Salamonde Dam (Barragem de Salamonde; /pt/) is a concrete arch dam on the Cávado River, where the river forms the border line between the districts of Braga and Vila Real. It is located in the municipality Vieira do Minho, in Braga District, Portugal.

The dam was completed in 1953. It is owned by Companhia Portuguesa de Produção de Electricidade (CPPE). The dam was designed by Coyne et Bellier.

==Dam==
Salamonde Dam is a 75 m tall (height above foundation) and 284 m long arch dam with a crest altitude of 281 m. The volume of the dam is 93,000 m³. The dam features a spillway with 4 gates over the dam (maximum discharge 1,700 m³/s) and one bottom outlet (maximum discharge 130 m³/s).

==Reservoir==
At full reservoir level of 280 m (maximum flood level of 280.5 m) the reservoir of the dam has a surface area of 2.42 (2.36) km² and a total capacity of 65 mio. m³; its active capacity is 56.3 (55 or 57) mio. m³. With the 55 mio. m³ water 26.9 GWh can be produced.

==Power plant ==

=== Salamonde I===
The hydroelectric power plant went operational in 1953. It is operated by EDP. The plant has a nameplate capacity of 42 MW. Its average annual generation is 231.2 (175, 232 or 244) GWh.

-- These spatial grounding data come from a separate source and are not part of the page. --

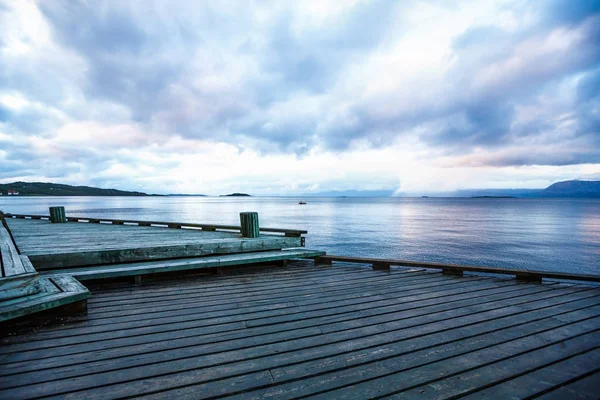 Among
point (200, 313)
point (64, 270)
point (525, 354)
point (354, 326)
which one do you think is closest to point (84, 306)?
point (200, 313)

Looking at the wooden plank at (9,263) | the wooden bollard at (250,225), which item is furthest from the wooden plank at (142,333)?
the wooden bollard at (250,225)

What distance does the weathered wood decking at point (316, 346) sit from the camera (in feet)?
8.18

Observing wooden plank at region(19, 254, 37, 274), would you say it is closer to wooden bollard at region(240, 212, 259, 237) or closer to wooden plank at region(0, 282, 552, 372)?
wooden plank at region(0, 282, 552, 372)

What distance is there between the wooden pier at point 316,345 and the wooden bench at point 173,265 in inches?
9.1

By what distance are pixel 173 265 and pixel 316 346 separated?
375cm

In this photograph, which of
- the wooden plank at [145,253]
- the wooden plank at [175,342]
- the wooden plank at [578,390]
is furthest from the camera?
the wooden plank at [145,253]

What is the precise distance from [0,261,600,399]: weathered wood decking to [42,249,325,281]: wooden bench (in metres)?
0.36

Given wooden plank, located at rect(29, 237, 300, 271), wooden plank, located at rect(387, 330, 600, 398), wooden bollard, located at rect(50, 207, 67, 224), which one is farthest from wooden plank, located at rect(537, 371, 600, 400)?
wooden bollard, located at rect(50, 207, 67, 224)

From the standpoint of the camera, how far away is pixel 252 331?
3543 mm

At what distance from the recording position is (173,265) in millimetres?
5770

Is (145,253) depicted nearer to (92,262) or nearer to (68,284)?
(92,262)

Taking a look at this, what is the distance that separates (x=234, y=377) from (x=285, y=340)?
0.81 metres

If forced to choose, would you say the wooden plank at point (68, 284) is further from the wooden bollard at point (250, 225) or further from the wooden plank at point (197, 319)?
the wooden bollard at point (250, 225)

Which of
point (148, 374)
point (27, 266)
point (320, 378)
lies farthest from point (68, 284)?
point (320, 378) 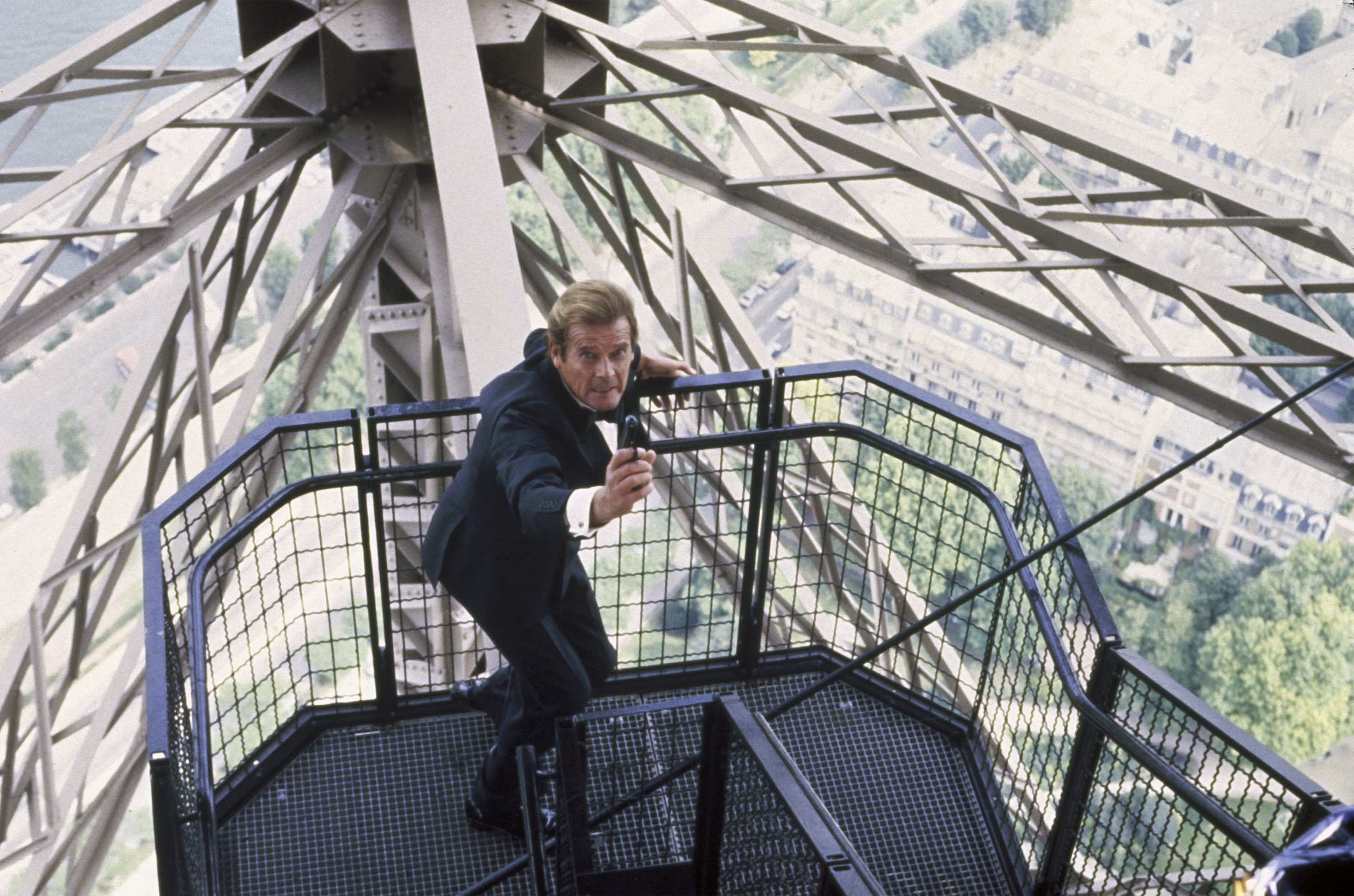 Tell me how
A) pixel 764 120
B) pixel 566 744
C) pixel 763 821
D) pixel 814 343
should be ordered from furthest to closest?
pixel 814 343 < pixel 764 120 < pixel 566 744 < pixel 763 821

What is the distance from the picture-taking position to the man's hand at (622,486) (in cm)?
311

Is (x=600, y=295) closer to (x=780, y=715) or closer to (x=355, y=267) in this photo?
(x=780, y=715)

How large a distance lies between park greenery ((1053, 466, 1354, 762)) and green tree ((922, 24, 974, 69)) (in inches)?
680

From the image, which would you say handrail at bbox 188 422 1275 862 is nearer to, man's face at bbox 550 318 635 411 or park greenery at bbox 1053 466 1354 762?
man's face at bbox 550 318 635 411

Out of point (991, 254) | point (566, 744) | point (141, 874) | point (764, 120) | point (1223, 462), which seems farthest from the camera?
point (1223, 462)

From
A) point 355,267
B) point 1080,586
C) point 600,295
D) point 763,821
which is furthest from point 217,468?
point 355,267

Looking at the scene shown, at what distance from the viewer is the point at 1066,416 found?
180 ft

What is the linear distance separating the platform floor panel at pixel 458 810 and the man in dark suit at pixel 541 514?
20 centimetres

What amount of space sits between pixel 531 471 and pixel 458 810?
1.39 meters

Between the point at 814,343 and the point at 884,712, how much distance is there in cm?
5216

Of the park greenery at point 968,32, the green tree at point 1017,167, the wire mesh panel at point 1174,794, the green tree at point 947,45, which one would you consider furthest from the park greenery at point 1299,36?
the wire mesh panel at point 1174,794

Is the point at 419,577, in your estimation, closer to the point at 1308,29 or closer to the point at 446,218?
the point at 446,218

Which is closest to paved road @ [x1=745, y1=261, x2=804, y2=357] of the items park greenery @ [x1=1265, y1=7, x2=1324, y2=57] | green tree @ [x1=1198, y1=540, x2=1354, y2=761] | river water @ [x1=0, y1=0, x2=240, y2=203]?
green tree @ [x1=1198, y1=540, x2=1354, y2=761]

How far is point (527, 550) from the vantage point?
3676 millimetres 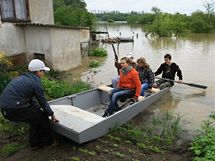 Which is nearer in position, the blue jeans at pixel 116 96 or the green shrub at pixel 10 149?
the green shrub at pixel 10 149

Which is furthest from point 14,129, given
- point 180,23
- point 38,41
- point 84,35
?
point 180,23

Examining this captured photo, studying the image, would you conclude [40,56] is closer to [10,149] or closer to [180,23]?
[10,149]

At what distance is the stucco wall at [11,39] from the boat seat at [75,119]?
22.3ft

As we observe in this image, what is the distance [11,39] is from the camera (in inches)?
449

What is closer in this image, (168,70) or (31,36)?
(168,70)

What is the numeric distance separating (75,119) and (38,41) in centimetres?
764

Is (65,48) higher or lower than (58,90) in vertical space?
higher

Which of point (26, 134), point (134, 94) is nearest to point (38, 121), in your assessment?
point (26, 134)

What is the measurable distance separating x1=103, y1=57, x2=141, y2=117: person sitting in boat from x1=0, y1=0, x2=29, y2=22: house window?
683cm

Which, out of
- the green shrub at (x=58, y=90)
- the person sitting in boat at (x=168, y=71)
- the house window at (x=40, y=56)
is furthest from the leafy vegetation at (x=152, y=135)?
the house window at (x=40, y=56)

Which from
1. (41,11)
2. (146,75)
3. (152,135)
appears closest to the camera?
(152,135)

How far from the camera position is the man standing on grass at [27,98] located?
422 cm

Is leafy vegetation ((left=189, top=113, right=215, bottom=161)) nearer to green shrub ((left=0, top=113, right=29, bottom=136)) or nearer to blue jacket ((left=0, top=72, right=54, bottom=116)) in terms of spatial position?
blue jacket ((left=0, top=72, right=54, bottom=116))

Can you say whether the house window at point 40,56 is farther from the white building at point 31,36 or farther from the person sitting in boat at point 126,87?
the person sitting in boat at point 126,87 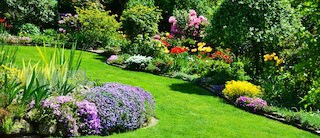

The power station contains 2 Francis turbine-generators with 21.8 MW (25 MVA) each in an underground powerhouse. The turbine rotation is 428 rpm. The minimum hydraulic head is 78 m, the maximum 125 m. Maximum flow per turbine is 22 m³/s. The turbines and generators were provided by Voith.

=== Salamonde 2===
In 2011 Alstom has been awarded a contract by EDP to install a 207 MW Francis reversible pump turbine and a 244 MVA motor-generator in a new pumped-storage power plant. The new power plant is expected to go operational in August 2015. Its average annual generation is estimated to be 386 GWh.